# Tile over cold concrete



## ponch37300 (Oct 22, 2007)

I have done several tile floors in kitchens and bathrooms before but never in an unheated entrance. The HO wants 6x6 ceramic tile laid in a small(25 sq. ft.) entrance that isn't heated. It is a concrete slab that had outdoor carpet on it that was torn off. Some of the old glue is still there. What is the best way to scrape the glue off, any chemicals or just manuel labor? Should i try to heat this area when i tile it? Is there any special morter i should use or adhesive? Thanks for any advice on this.


----------



## MattCoops (Apr 7, 2006)

For cleaning up the slab, mechanical removal is better than chemicals.
Chemicals may have an adverse reaction with the thinset.
I'd use a modified thinset like Custom's Flex Bond.
And I'd use a frost proof porcelain rather than ceramic tile.

Oh, and how's the condition of the concrete slab?
Does it have any cracks? If so, are they out of plane?


----------



## ponch37300 (Oct 22, 2007)

Thanks Matt. The slab looks to be in good shape. I have used flex bond before. Thanks again for your help


----------



## lpyle (Feb 1, 2009)

*TSquare55*

I'm curious, did you install the tile in cold temperature? If yes, did you heat the subfloor and/or the space before installing the tile?

I have a homeowner wanting new ceramic tile floor installed in a bathroom located at an outside wall, with a concrete subfloor. It's January here in Ohio and the house is masonry with no insulation in the walls and no perimeter insulation around the slab. So the temperature of the concrete slab is much colder than the 55 to 60 degrees required by the thin-set adhesive manufacturer.

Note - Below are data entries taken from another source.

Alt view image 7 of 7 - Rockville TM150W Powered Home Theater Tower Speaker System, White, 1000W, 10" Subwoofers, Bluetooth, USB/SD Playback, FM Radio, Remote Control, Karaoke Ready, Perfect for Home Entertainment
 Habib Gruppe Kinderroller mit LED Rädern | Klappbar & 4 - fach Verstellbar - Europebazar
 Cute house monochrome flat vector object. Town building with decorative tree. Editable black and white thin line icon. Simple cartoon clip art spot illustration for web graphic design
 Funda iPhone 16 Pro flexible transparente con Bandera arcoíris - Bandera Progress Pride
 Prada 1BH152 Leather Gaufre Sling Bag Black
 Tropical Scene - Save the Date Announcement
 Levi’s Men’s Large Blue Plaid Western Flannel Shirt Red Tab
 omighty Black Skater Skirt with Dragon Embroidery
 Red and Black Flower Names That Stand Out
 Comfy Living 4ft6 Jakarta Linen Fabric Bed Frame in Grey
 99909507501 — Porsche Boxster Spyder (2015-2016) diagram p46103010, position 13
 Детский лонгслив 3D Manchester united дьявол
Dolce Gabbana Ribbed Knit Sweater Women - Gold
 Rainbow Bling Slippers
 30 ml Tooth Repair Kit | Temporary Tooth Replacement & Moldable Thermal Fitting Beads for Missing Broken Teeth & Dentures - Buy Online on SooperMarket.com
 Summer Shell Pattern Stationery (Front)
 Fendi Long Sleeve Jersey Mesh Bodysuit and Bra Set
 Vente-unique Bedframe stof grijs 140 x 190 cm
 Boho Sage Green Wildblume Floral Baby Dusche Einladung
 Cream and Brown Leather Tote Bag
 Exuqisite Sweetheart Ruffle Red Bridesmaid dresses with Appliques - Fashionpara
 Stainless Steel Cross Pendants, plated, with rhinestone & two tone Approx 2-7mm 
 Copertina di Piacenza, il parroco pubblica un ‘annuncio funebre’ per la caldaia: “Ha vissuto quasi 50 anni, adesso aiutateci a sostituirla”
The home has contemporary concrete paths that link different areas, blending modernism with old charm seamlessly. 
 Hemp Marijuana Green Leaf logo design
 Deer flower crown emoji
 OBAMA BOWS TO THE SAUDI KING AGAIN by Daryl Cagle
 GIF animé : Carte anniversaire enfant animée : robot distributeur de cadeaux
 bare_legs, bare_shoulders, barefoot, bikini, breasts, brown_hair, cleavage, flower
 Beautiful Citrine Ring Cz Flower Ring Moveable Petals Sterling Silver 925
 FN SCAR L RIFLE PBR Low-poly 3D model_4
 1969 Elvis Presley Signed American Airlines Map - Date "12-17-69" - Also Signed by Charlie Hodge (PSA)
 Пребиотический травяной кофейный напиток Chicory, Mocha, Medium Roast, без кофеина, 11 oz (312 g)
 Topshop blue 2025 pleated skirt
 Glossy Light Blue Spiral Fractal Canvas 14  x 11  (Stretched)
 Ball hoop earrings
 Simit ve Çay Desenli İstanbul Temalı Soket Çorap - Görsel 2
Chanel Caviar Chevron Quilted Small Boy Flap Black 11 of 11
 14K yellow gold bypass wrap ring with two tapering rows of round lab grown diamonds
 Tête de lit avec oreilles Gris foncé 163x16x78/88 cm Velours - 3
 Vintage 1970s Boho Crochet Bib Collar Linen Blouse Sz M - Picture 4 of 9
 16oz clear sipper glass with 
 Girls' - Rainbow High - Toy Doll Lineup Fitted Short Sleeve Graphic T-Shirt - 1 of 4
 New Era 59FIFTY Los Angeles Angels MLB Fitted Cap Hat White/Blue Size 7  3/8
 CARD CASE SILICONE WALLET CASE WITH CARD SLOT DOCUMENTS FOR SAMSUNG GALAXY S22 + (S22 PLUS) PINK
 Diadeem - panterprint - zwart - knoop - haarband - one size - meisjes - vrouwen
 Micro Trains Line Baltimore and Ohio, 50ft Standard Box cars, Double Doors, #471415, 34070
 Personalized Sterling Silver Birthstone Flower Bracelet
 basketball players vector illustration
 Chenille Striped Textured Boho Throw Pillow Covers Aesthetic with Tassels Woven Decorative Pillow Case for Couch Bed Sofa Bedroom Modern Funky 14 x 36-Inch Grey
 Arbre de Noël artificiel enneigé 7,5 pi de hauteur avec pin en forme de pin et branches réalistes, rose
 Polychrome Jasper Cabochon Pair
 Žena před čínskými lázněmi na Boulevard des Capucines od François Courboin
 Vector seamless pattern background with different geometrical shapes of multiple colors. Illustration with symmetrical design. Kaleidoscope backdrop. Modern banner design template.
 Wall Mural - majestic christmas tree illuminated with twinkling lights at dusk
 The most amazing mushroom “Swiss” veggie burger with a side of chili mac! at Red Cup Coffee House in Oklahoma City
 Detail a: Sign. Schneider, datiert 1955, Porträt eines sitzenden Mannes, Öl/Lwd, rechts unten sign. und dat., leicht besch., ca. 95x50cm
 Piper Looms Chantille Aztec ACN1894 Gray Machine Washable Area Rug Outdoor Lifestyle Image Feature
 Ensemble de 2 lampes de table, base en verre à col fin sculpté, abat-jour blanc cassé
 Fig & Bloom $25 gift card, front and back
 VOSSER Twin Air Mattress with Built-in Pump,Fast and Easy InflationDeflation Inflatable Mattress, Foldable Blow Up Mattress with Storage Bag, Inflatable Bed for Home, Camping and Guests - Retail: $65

Does anyone have suggestions on how to warm the slab for 3-4 days?


----------



## cleveman (Dec 28, 2007)

You could just set an electric heater in there and see how that works, or (no joke), put an old electric blanket on the floor. Take temperature readings either way and see what works.


----------



## 1mancrew (Nov 17, 2008)

Along with an electric heater I would use a couple of floodlight stands directed toward the floor.


----------



## Bud Cline (Feb 12, 2006)

> It's January here in Ohio.....


Yow well It's January here in Nebraska too!! For another thirty minutes anyway.

Did you look at the dates of the posts you resurrected?

If that area is indoors and the indoors is heated I think if you'll check the temperature of the slab you find that it isn't much colder than 55 degrees and all is well for tiling. The slab isn't as cold as it feels to the touch I'm sure.


----------